*** Block opens ***
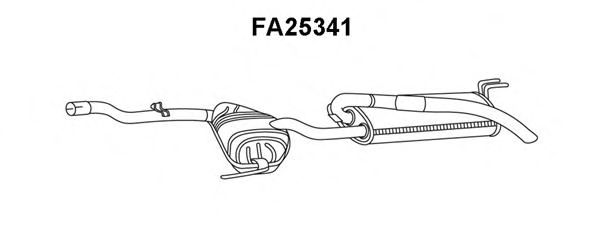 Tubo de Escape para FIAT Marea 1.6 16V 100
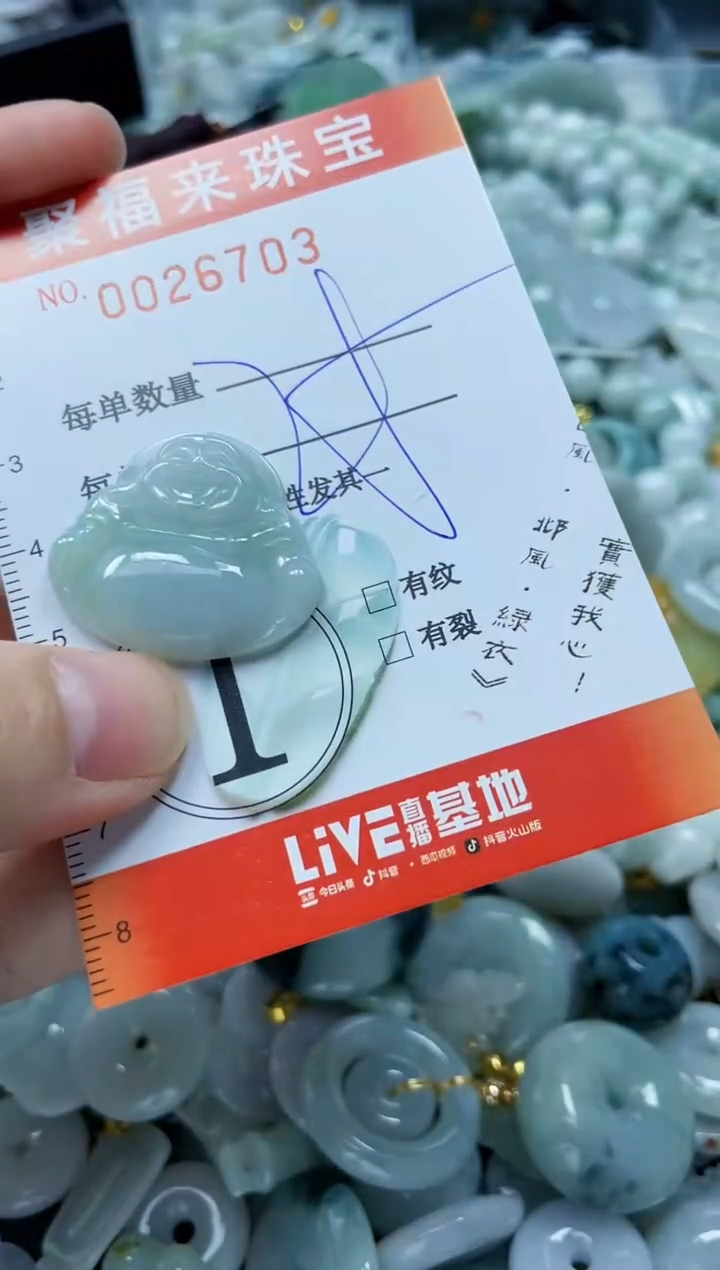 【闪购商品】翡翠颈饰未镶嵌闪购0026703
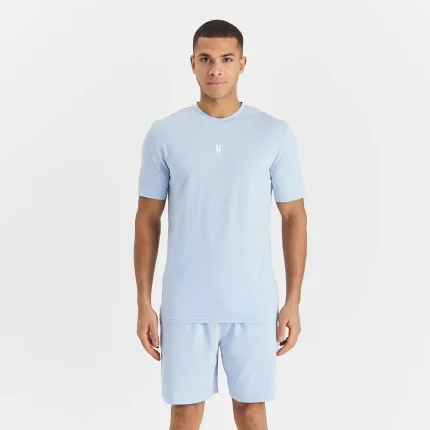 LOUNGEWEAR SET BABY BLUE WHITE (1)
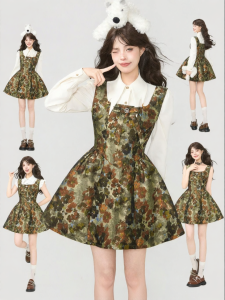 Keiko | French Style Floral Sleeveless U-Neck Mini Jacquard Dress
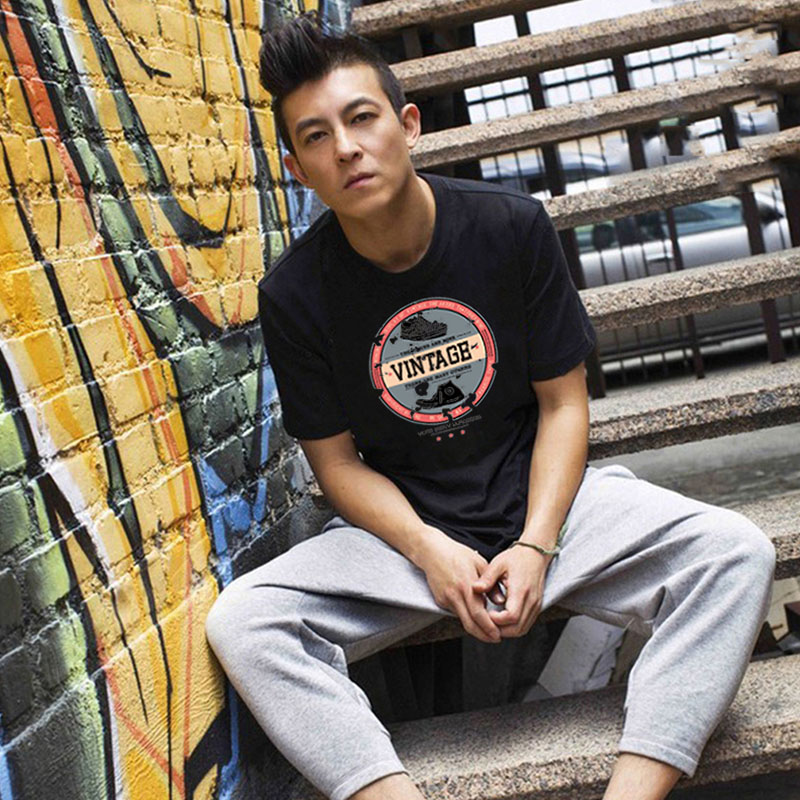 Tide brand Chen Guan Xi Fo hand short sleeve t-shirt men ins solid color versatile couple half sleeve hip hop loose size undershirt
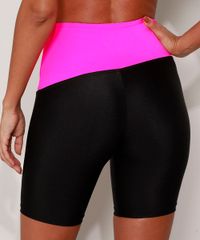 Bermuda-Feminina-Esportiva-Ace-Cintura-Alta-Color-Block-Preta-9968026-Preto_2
*** Block closes ***
● **About this exercise**
Would you please repeat each record exactly? Leave the pictures out.

● **Written response**
 Tubo de Escape para FIAT Marea 1.6 16V 100
 【闪购商品】翡翠颈饰未镶嵌闪购0026703
 LOUNGEWEAR SET BABY BLUE WHITE (1)
 Keiko | French Style Floral Sleeveless U-Neck Mini Jacquard Dress
 Tide brand Chen Guan Xi Fo hand short sleeve t-shirt men ins solid color versatile couple half sleeve hip hop loose size undershirt
 Bermuda-Feminina-Esportiva-Ace-Cintura-Alta-Color-Block-Preta-9968026-Preto_2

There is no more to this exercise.